• [WHAT IS EXPECTED] Set down again, exactly and only, the lines from the one that contains "(realistic、High resolution:1.3)、Just one" through the last line of the records below, both included, but not the pictures.

• [Brief descriptive captions]
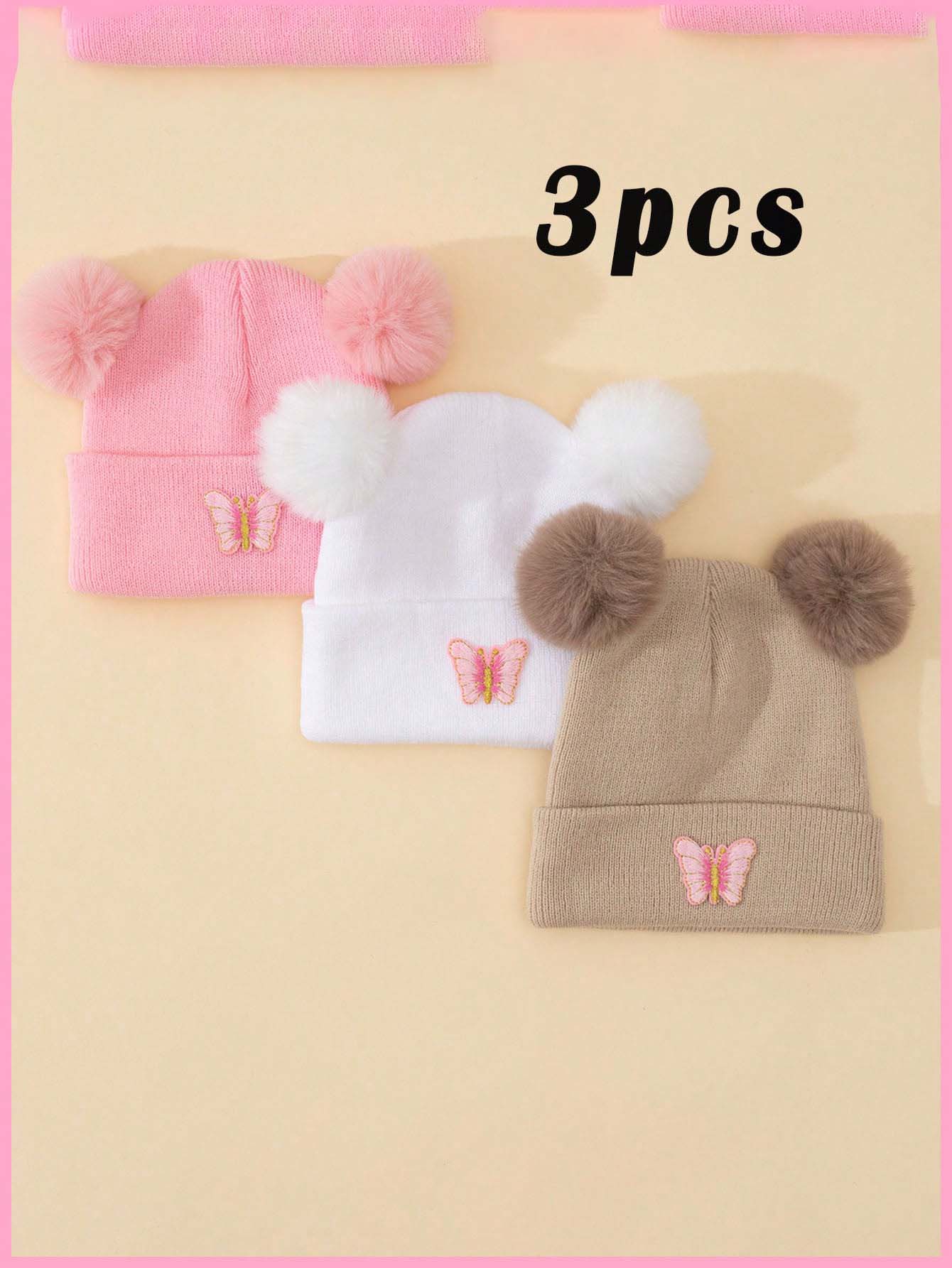Knit Beanie Hat Warm - 3Pcs Unisex Kids Double Pom Pom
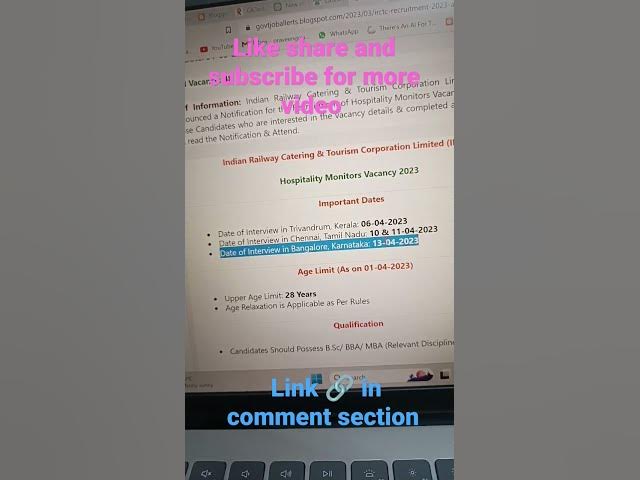 Video thumbnail for irctc Apply Now  #irctcjob #jobopportunities #governmentjobs #careeradvice #jobsearch #jobupdates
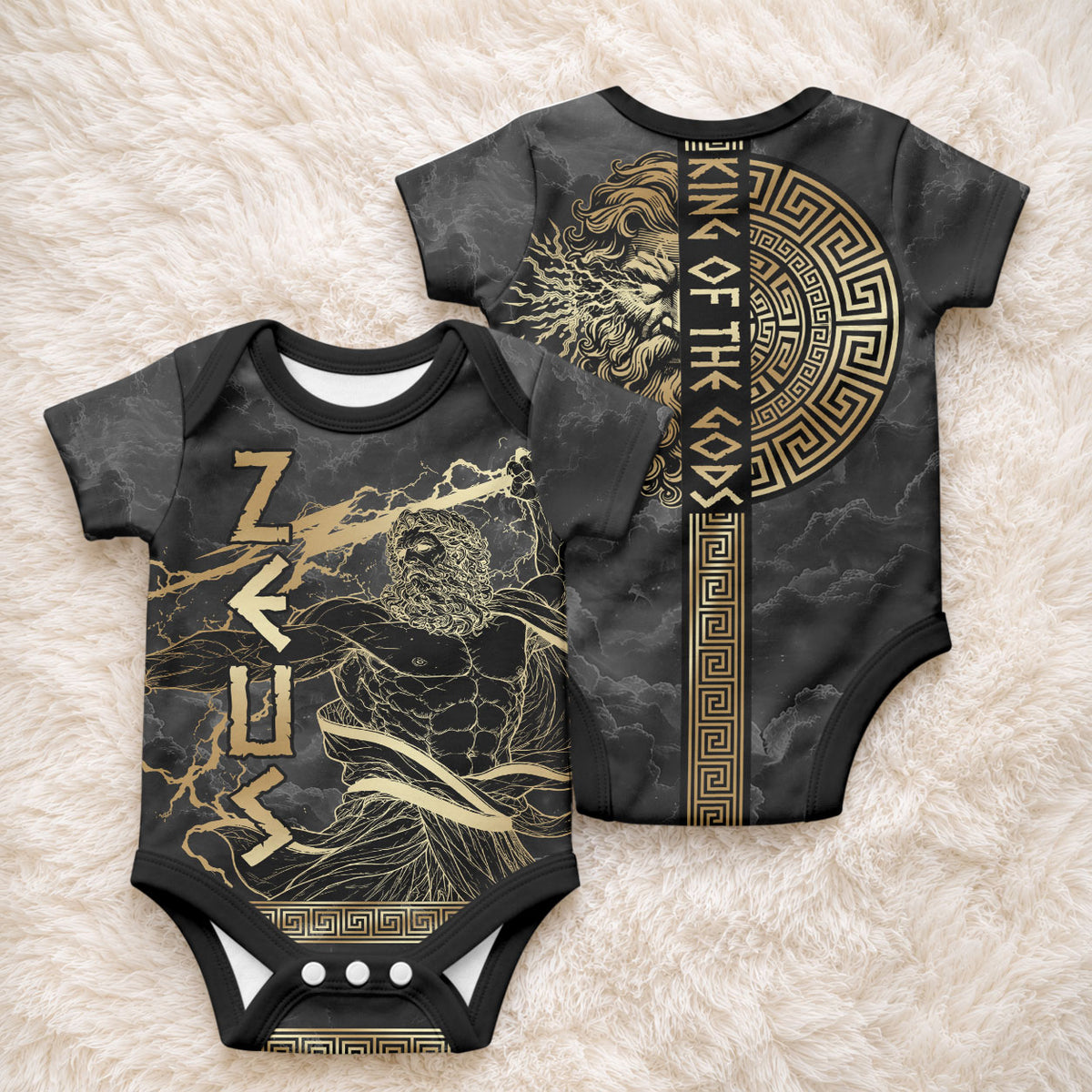 Zeus Greek Mythology King Of Gods Baby Onesie Golden Meander Key Pattern Lightning Bolt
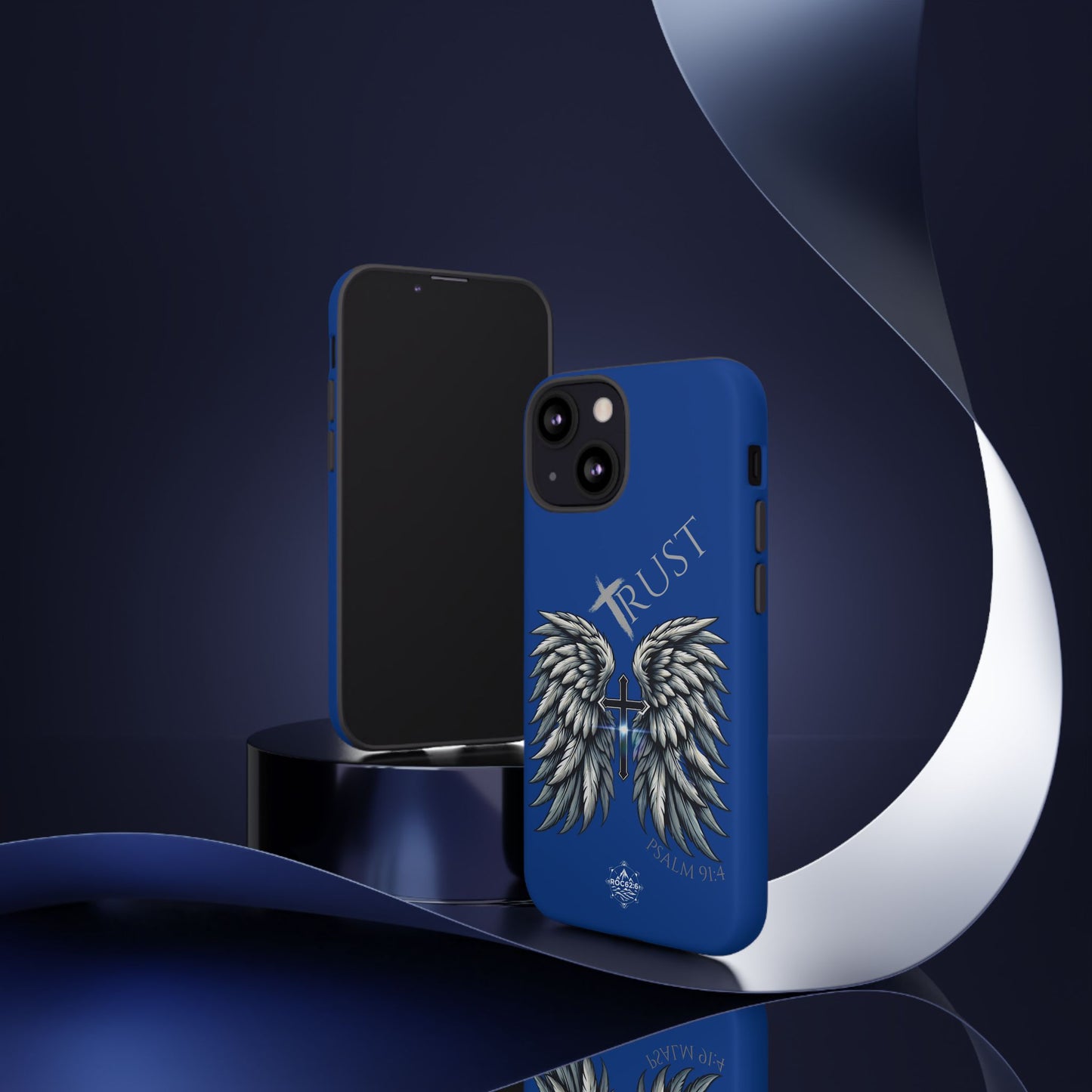 Wings Series Blue Phone Case - Trust, Psalm 91:4 Design, Inspirational Gift, Christian Accessories, Spiritual Protection, Encouragement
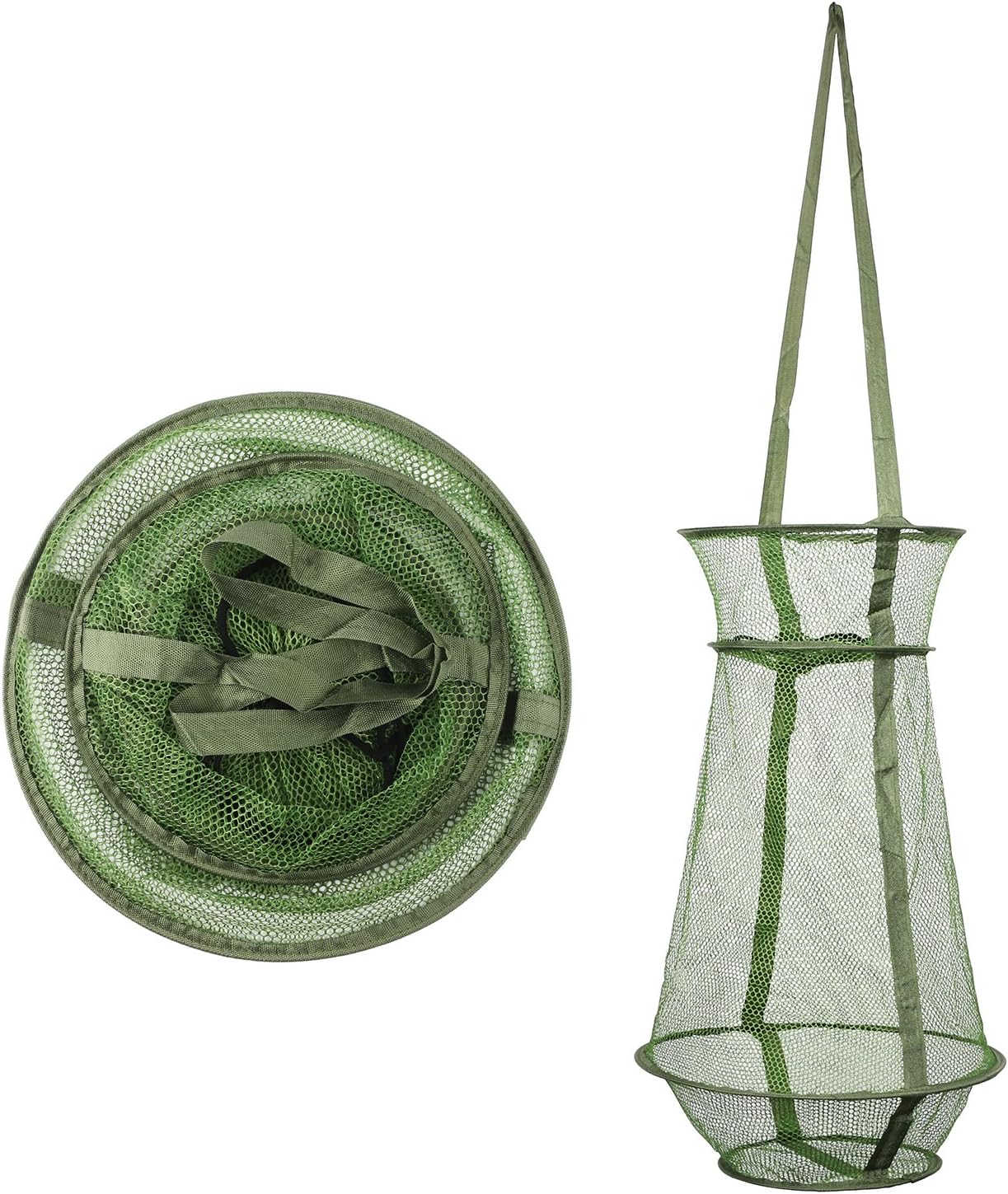 フローティン 釣りネット 魚バスケット 魚籠 直径28/33/40cm 折りたたみ ネットケージ 軽量 仕掛け付き 折り畳み網 魚捕り網かご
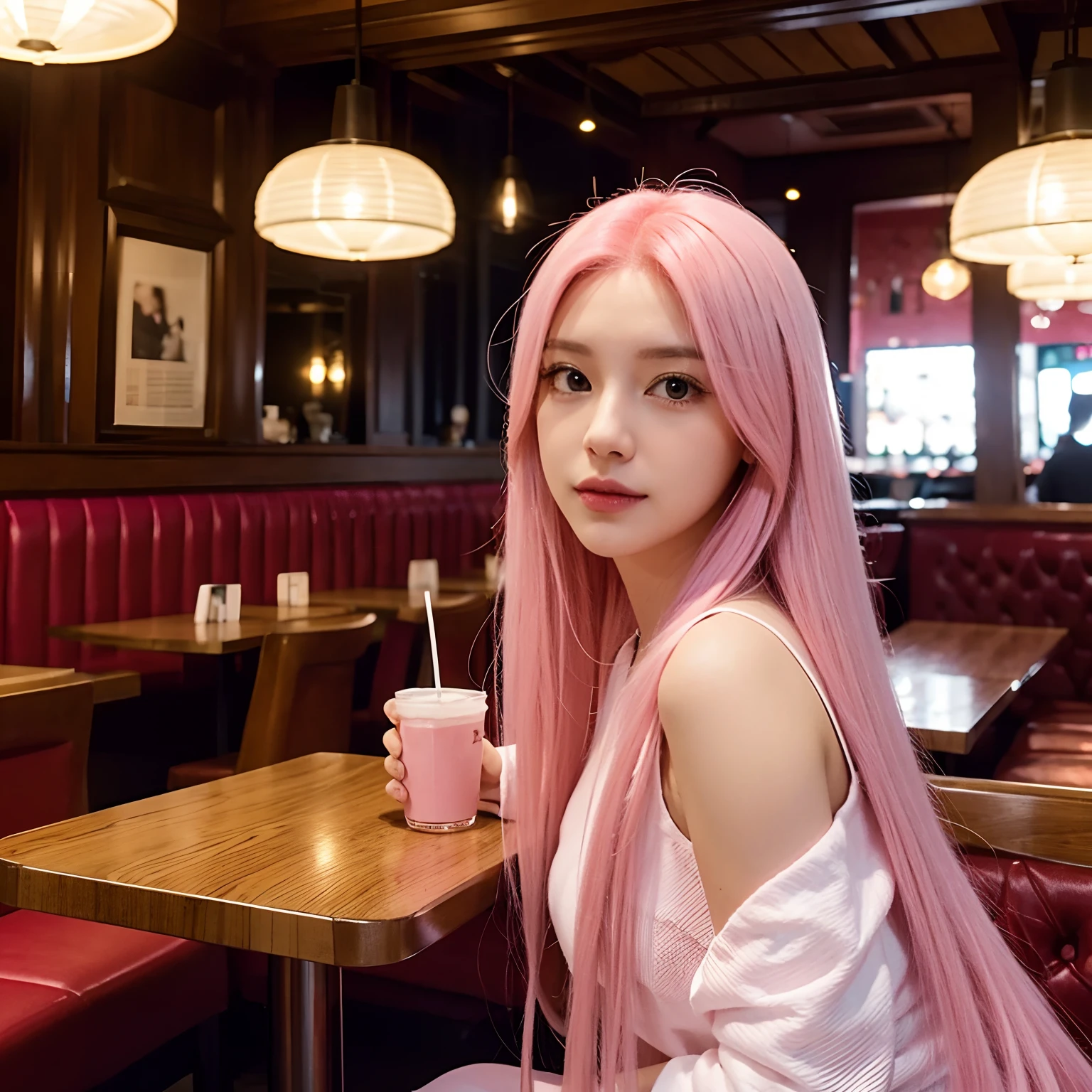 (realistic、High resolution:1.3)、Just one girl with a perfect figure、super thin face and eyes、pink hair、naked、at the cafe、coffee on the table、naked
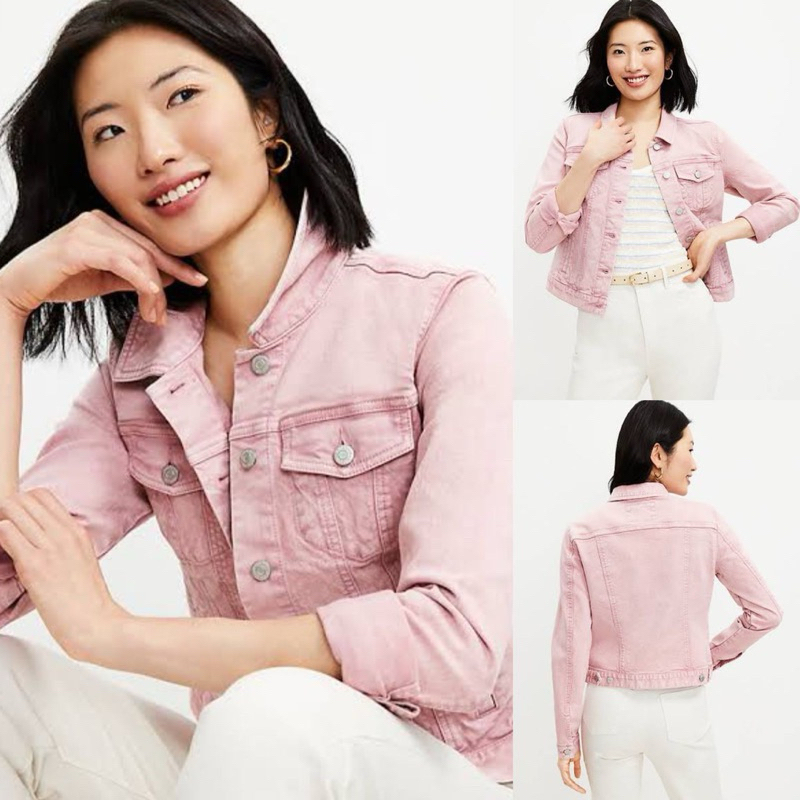 loft denim jacket pink XS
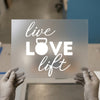 Live Love Lift Kettlebell | DTF Transfer Ready to Press | Fitness Script Heat Transfer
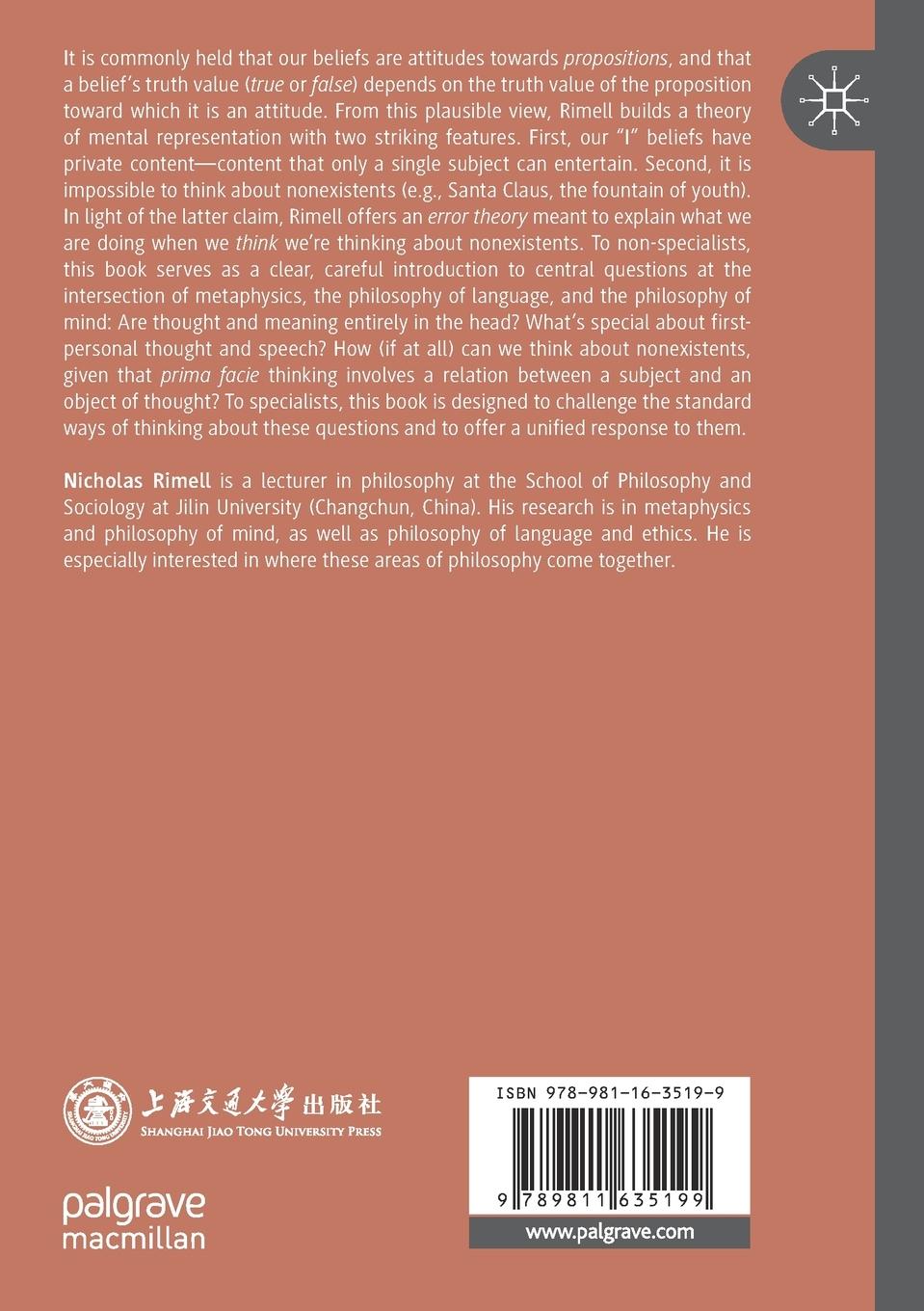 Rückseitencover Representational Content and the Objects of Thought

• [TASK RESPONSE]
 (realistic、High resolution:1.3)、Just one girl with a perfect figure、super thin face and eyes、pink hair、naked、at the cafe、coffee on the table、naked
 loft denim jacket pink XS
 Live Love Lift Kettlebell | DTF Transfer Ready to Press | Fitness Script Heat Transfer
 Rückseitencover Representational Content and the Objects of Thought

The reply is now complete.